Repeat the records exactly, minus the pictures.

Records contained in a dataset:
^^^^^^^^^^^^^^^^

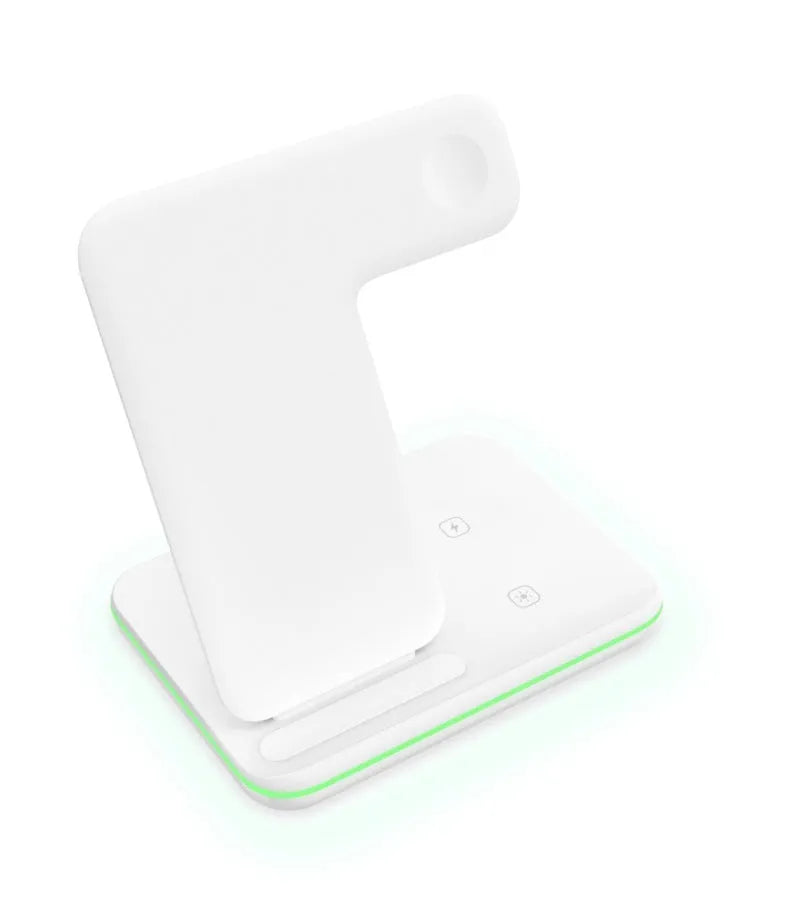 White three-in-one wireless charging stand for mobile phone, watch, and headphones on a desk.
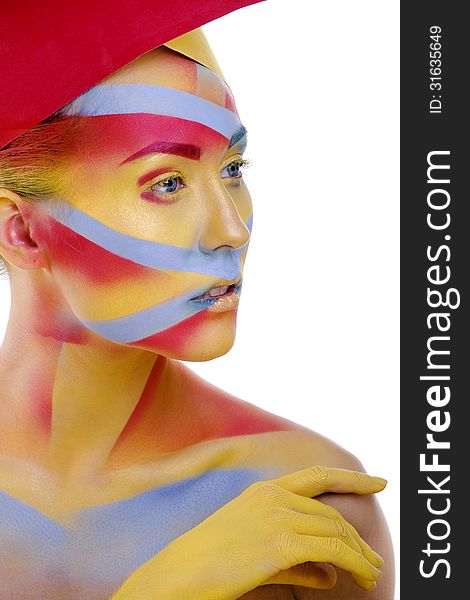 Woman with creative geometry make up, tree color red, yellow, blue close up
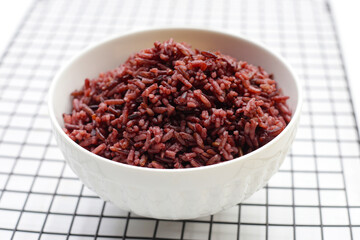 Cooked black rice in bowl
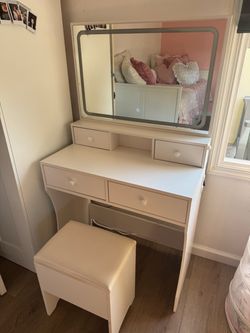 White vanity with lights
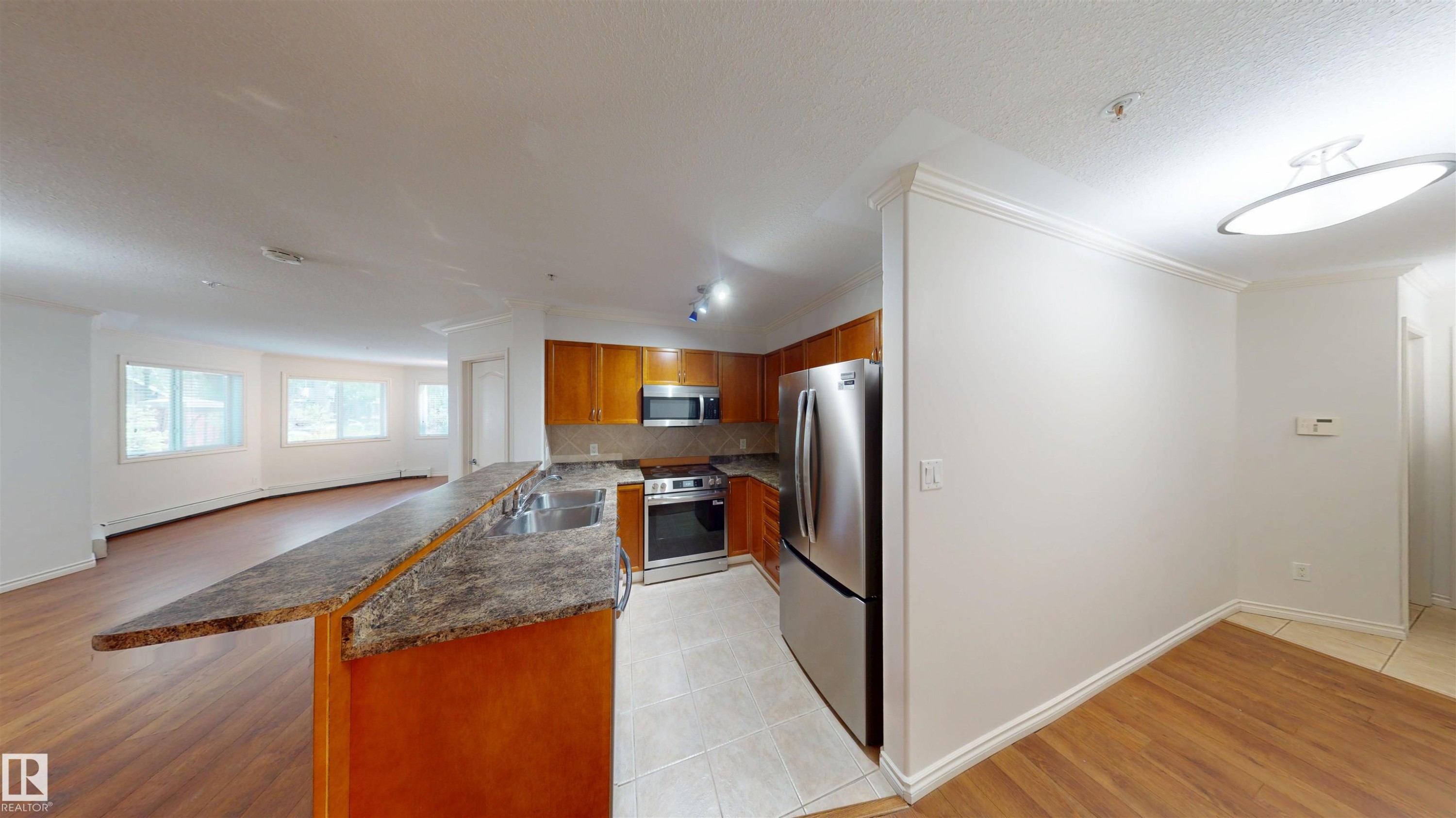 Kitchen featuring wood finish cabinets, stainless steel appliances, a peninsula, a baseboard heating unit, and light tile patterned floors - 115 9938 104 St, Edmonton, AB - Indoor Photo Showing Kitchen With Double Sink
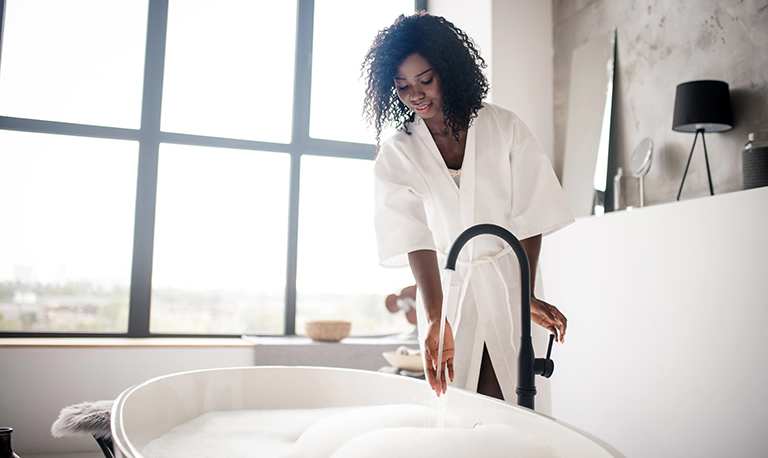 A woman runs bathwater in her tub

^^^^^^^^^^^^^^^^

Solution to the exercise →
 White three-in-one wireless charging stand for mobile phone, watch, and headphones on a desk.
 Woman with creative geometry make up, tree color red, yellow, blue close up
 Cooked black rice in bowl
 White vanity with lights
 Kitchen featuring wood finish cabinets, stainless steel appliances, a peninsula, a baseboard heating unit, and light tile patterned floors - 115 9938 104 St, Edmonton, AB - Indoor Photo Showing Kitchen With Double Sink
 A woman runs bathwater in her tub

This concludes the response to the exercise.